Auf diese Frage findet der Film »Die Kinder der Utopie« des Regisseurs Hubertus Siegert Antworten. Er porträtierte darin eine Inklusionsklasse an der Berliner Fläming-Grundschule, der ersten Schule Deutschlands mit inklusiven Klassen, in denen nichtbehinderte und behinderte Schüler*innen gemeinsam unterrichtet wurden und werden. Viele Jahre später lässt Siegert die ehemaligen Schüler*innen wieder aufeinandertreffen. Wie bewerten die erwachsenen »Kinder der Utopie« ihre damaligen Schulerfahrungen? Wurden die nichtbehinderten Schüler*innen durch ständige Rücksichtnahme auf die behinderten Mitschüler*innen im Lernen und ihrer Entwicklung ausgebremst, so wie es die Inklusionskritiker ständig behaupten?

Mittlerweile sind die Protagonisten des Films aus dem Elternhaus ausgezogen, alle bewegen sich zielorientiert in ihrer Berufswahl. Der nichtbehinderte Christian studiert und Natalie, eine junge Frau mit Down-Syndrom, hat eine Festanstellung als Küchenhilfe. Auch der Rest ist an einer Universität gelandet, hat eine Ausbildung abgeschlossen oder den Weg aus der Behindertenwerkstatt heraus auf den ersten Arbeitsmarkt geschafft. Inklusion funktioniert also doch - trotz aller Unkenrufe aus Politik und Medien.

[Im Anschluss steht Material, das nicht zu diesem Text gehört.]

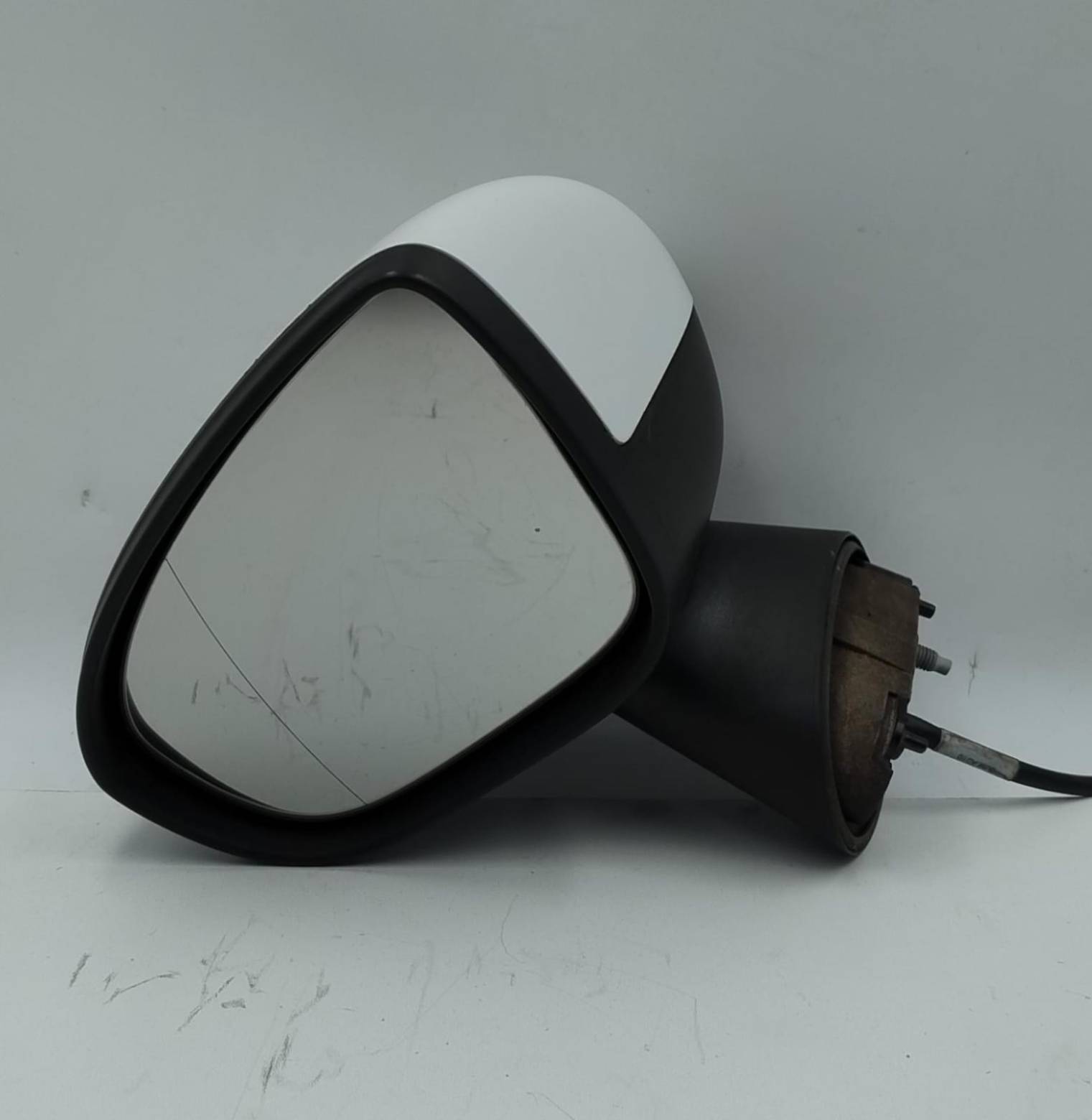 Specchietto retrovisore sx.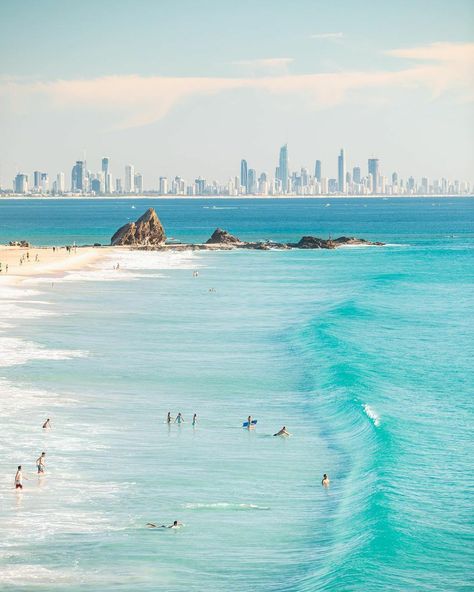 Gold Coast Australia Aesthetic, Wallpapers Aesthetic Iphone, Australia Gold Coast, Bucket List Activities, Melbourne Trip, Australia Bucket List, Australia Landscape, 2024 Travel, Gold Coast Queensland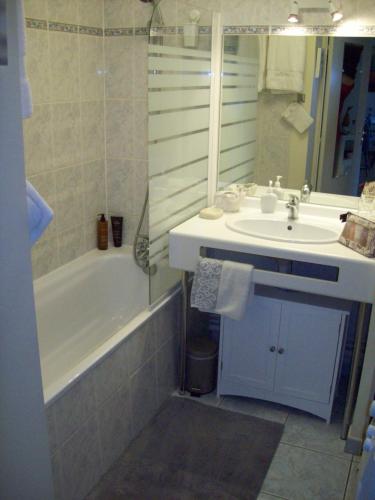 La salle de bains est pourvue d'un lavabo et d'une baignoire. dans l'établissement T2 avec box proche Graslin, à Nantes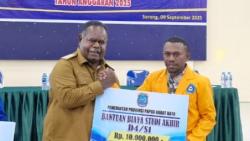 Gubernur Papua Barat Daya Dukung Generasi Muda, Serahkan Biaya Studi Akhir ke 318 Mahasiswa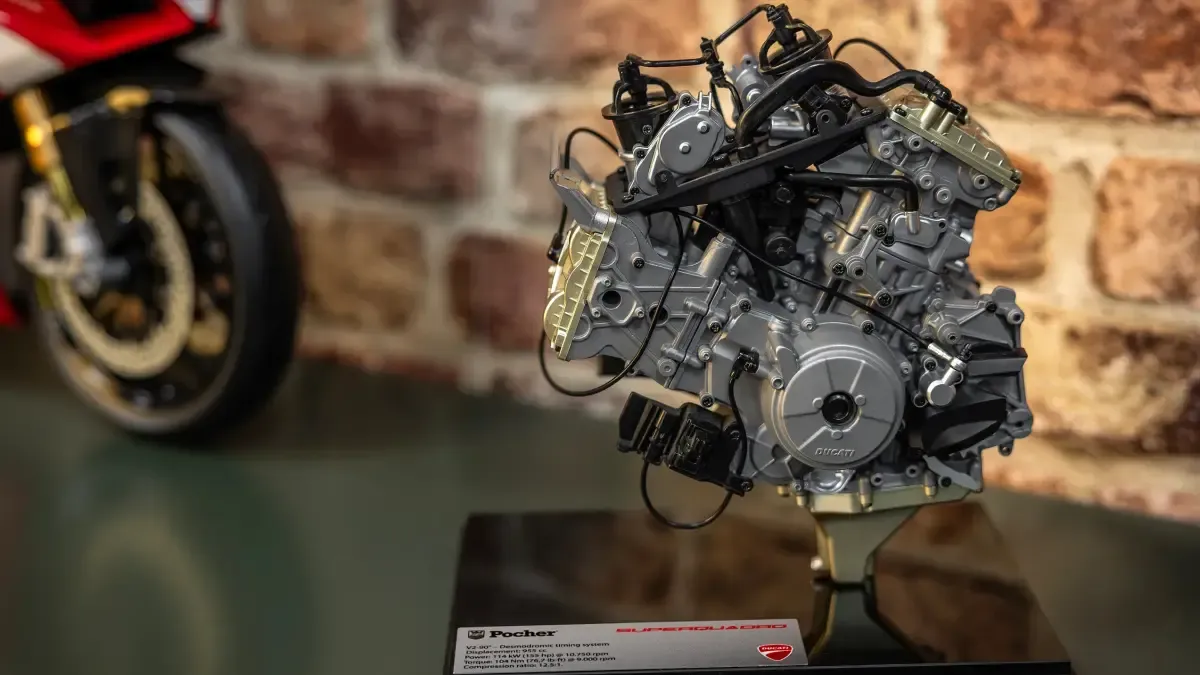 El motor Ducati V2 Superquadro con todo lujo de detalles, una obra de arte mecánico que puedes tener en casa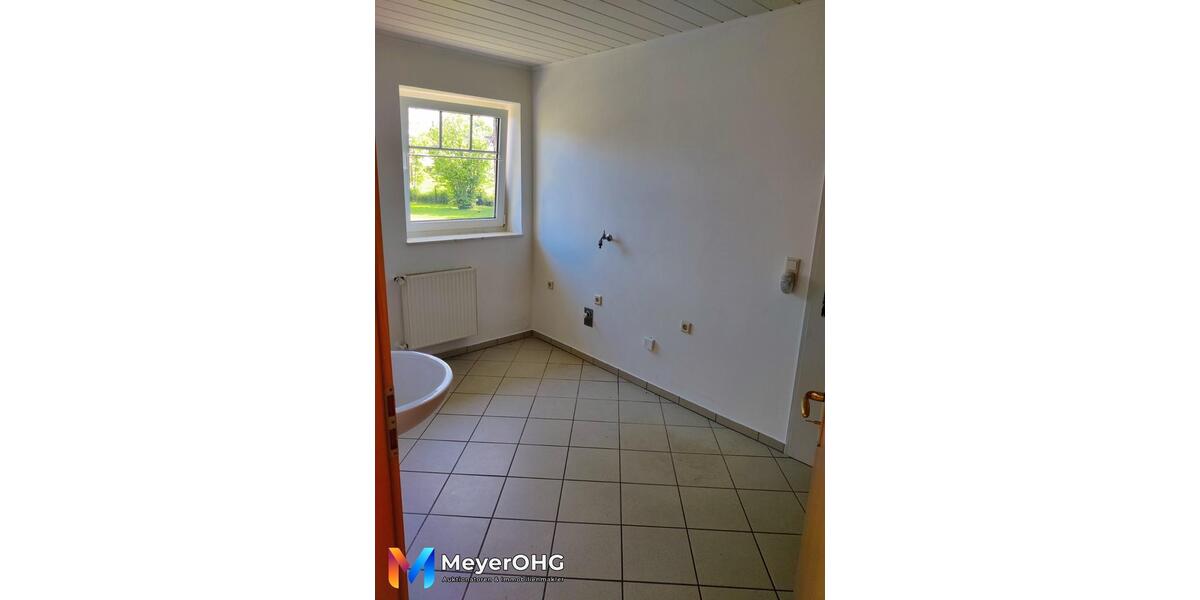 Erdgeschoßwohnung Weener - 3 Zimmer, 119 m&sup2;, 900&euro; | Angebot:23705775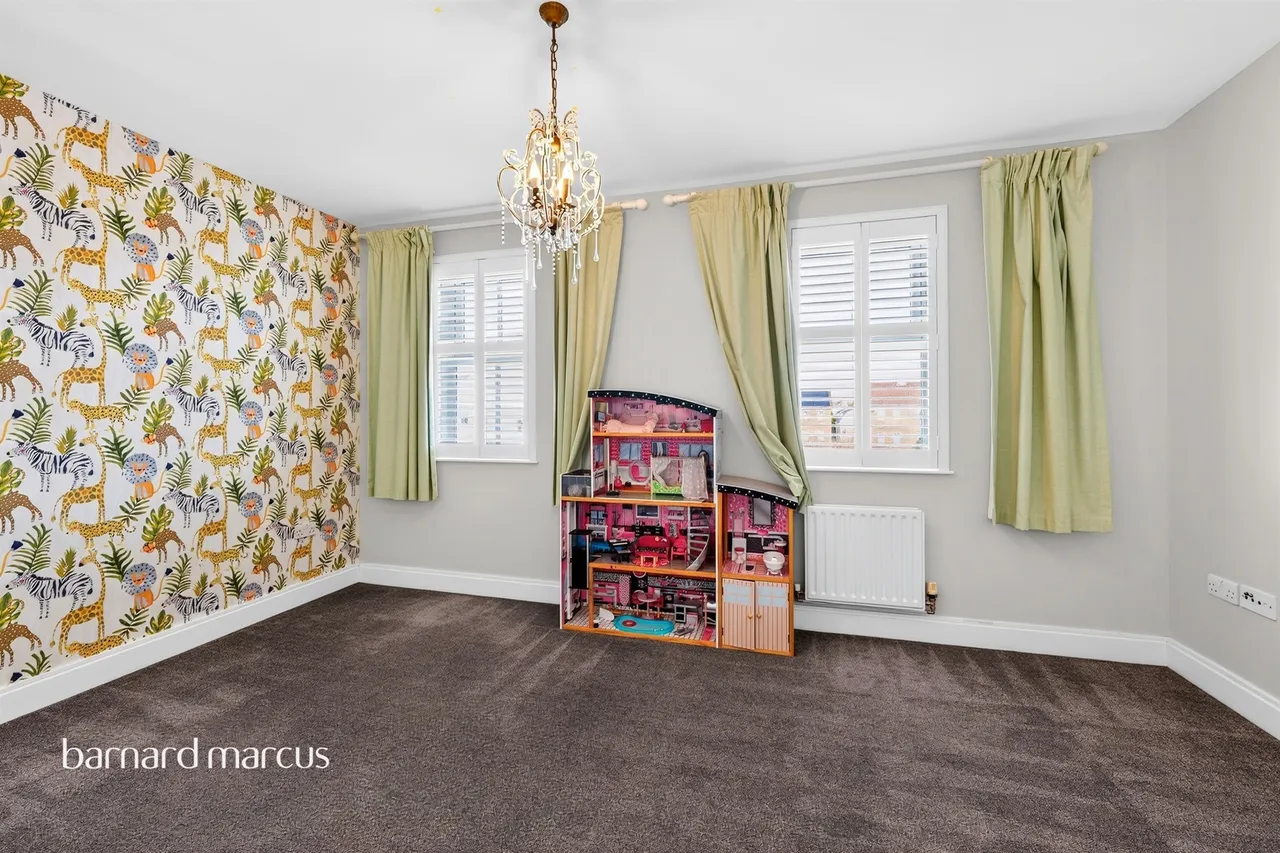 Beaumont Drive, Worcester Park, KT4, photo 14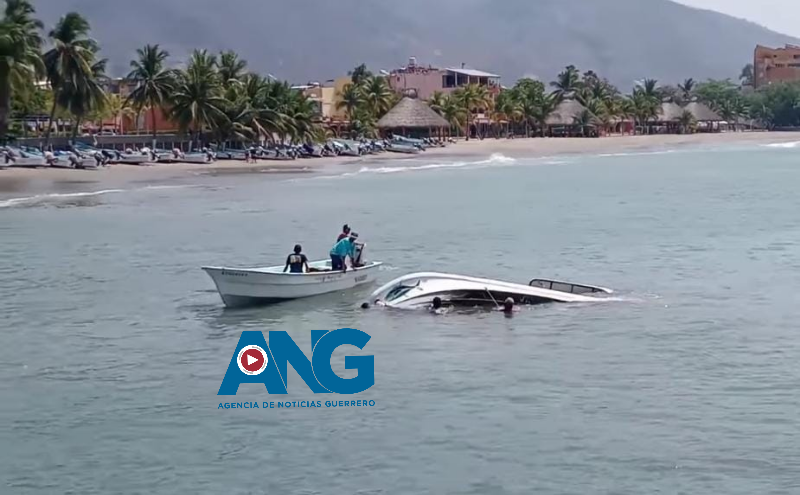 Se va a pique una embarcación en la Playa Principal de #Zihuatanejo por Mar de Fondo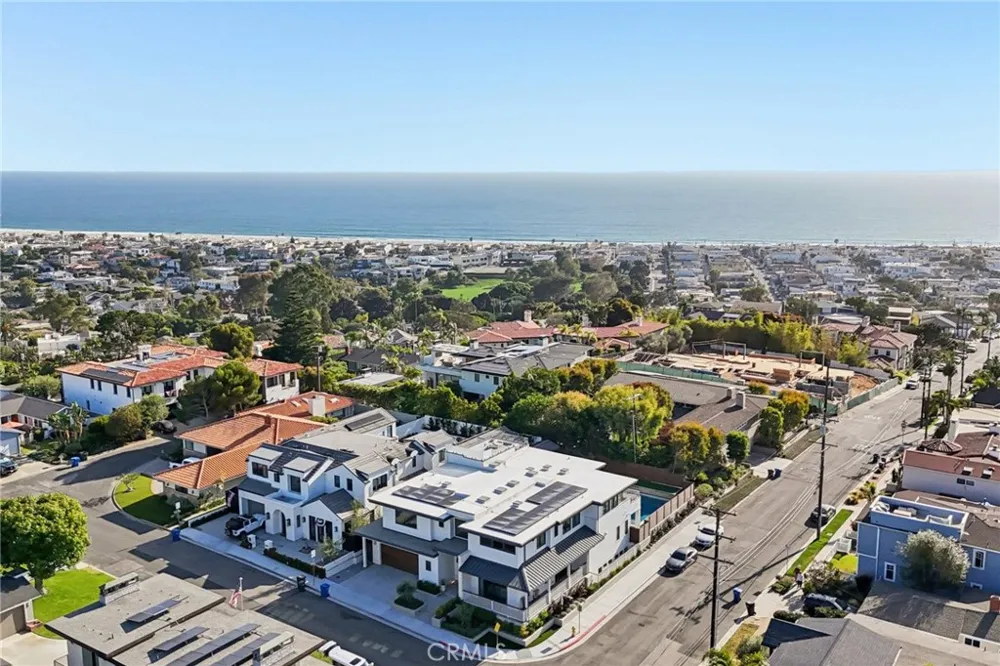 2965 La Carlita Place Hermosa Beach, CA 90254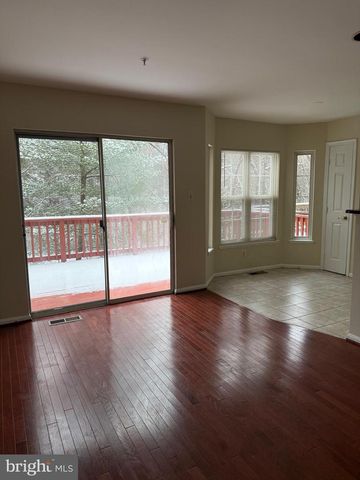 6711 VILLAGE PARK DR, Greenbelt, MD 20770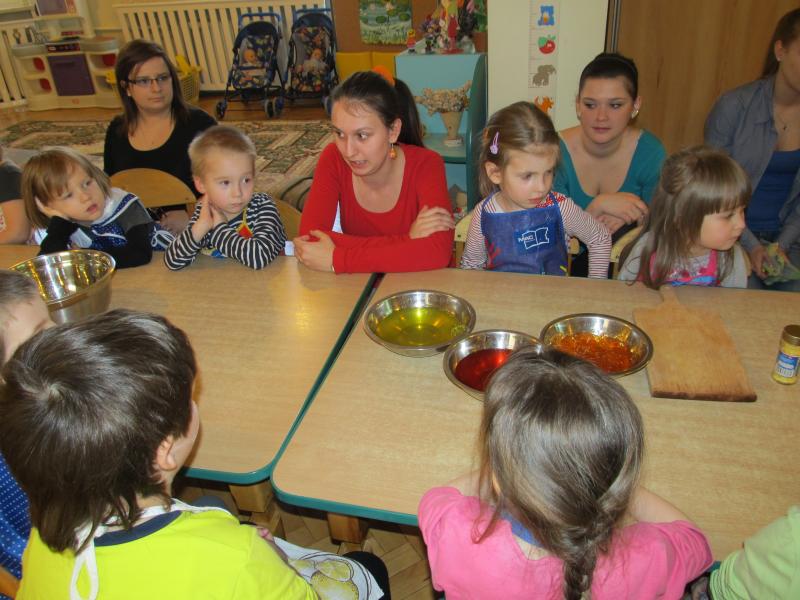 Wykonanie sałatki przez dzici z pomocą student&oacute;w Gr. III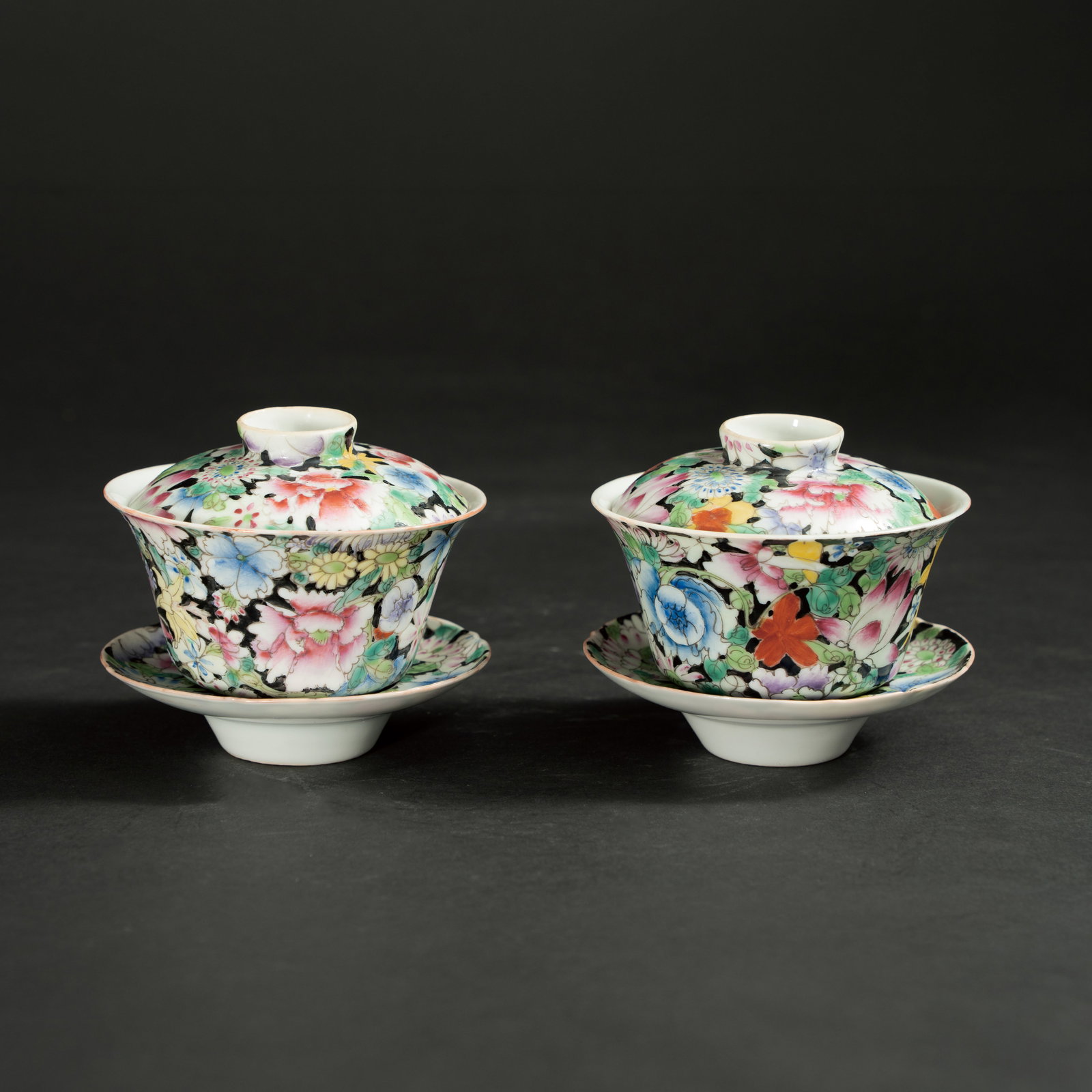 A PAIR OF FAMILLE ROSE 'HUNDRED FLOWERS' GAIWAN REPUBLIC PERIOD OR LATER 民国或: A PAIR OF FAMILLE ROSE 'HUNDRED FLOWERS' GAIWANREPUBLIC PERIOD OR LATER民国或更晚 粉彩百花不露地盖碗一对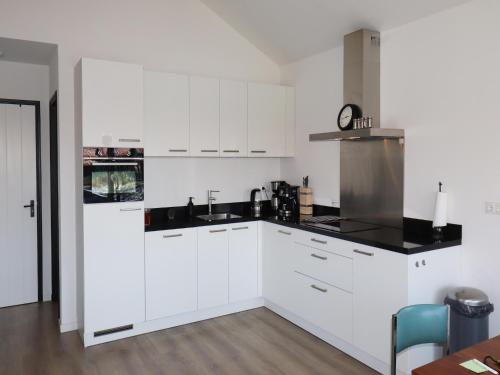 مطبخ, Scenic Stay with Sauna in Dongeradeel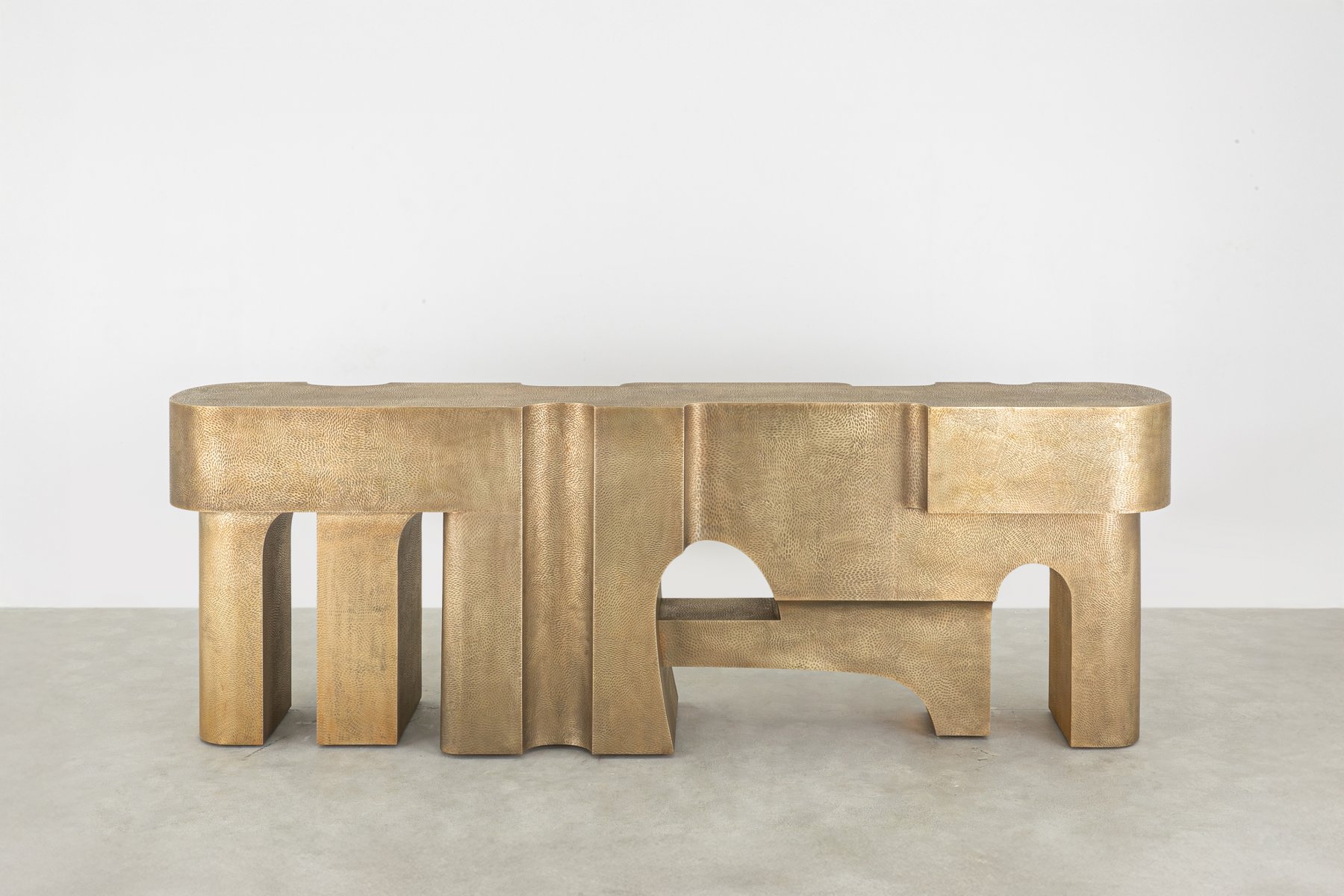Grand_Castello_Console_02_ZO_.jpg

Nicht selten vermitteln diese sogar den Eindruck, dass Schüler*innen mit Förderbedarf die Regelschulen fluten. Eine jüngst veröffentlichte Studie des Zentrums für Lehrer*innenbildung (ZfL) der Universität Köln und der Deutschen Sporthochschule widerspricht dieser Einschätzung. Es gibt nämlich de facto keine flächendeckende Mehrbelastung durch Inklusion an den Schulen. Laut Statistik gibt es in Deutschland an Regelschulen mittlerweile insgesamt 137 000 Schüler*innen mit Förderbedarf - allerdings sind die Schüler*innenzahlen an Förderschulen gleichzeitig um 47 000 geschrumpft. Die Rechnung geht offensichtlich nicht auf: 90 000 Schüler*innen wird heute Förderbedarf zugeschrieben, die zuvor als Regelschüler*innen unterrichtet worden wären. Zwei Drittel aller »Förderschüler*innen« waren also schon immer an den Regelschulen - lediglich der attestierte Förderbedarf ist neu.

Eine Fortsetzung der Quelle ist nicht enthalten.